Collected data:
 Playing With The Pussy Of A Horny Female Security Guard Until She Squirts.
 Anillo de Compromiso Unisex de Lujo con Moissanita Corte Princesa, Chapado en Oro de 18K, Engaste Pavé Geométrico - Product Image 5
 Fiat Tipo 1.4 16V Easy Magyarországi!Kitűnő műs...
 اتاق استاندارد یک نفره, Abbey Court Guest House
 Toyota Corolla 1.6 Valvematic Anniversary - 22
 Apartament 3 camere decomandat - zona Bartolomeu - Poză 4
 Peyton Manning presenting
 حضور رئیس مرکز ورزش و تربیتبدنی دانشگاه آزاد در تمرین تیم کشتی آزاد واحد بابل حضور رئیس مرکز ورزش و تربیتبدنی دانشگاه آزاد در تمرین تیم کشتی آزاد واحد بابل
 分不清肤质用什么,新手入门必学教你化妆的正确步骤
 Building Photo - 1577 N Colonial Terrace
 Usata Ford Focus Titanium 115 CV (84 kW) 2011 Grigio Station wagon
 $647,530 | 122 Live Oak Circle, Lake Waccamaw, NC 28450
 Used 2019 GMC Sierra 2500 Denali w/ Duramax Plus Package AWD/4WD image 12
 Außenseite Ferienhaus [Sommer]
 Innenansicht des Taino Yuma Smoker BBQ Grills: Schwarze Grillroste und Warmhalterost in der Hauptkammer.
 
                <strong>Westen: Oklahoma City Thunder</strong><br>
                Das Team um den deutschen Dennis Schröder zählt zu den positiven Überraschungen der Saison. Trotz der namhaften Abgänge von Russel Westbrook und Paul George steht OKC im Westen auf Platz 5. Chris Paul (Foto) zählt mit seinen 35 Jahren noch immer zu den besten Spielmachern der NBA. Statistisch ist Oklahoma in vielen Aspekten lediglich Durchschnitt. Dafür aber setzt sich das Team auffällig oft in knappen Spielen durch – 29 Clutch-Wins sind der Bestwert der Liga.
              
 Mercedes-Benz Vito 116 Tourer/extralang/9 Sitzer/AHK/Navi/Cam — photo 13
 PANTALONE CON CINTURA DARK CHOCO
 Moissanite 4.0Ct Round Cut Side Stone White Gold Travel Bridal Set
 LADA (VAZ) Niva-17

TRY IT =
Begin with the line that contains "Außenseite Ferienhaus [Sommer]" and end with the last line of the records; set down every line in that span exactly, and nothing else.

EXERCISE ANSWER =
 Außenseite Ferienhaus [Sommer]
 Innenansicht des Taino Yuma Smoker BBQ Grills: Schwarze Grillroste und Warmhalterost in der Hauptkammer.
 
                <strong>Westen: Oklahoma City Thunder</strong><br>
                Das Team um den deutschen Dennis Schröder zählt zu den positiven Überraschungen der Saison. Trotz der namhaften Abgänge von Russel Westbrook und Paul George steht OKC im Westen auf Platz 5. Chris Paul (Foto) zählt mit seinen 35 Jahren noch immer zu den besten Spielmachern der NBA. Statistisch ist Oklahoma in vielen Aspekten lediglich Durchschnitt. Dafür aber setzt sich das Team auffällig oft in knappen Spielen durch – 29 Clutch-Wins sind der Bestwert der Liga.
              
 Mercedes-Benz Vito 116 Tourer/extralang/9 Sitzer/AHK/Navi/Cam — photo 13
 PANTALONE CON CINTURA DARK CHOCO
 Moissanite 4.0Ct Round Cut Side Stone White Gold Travel Bridal Set
 LADA (VAZ) Niva-17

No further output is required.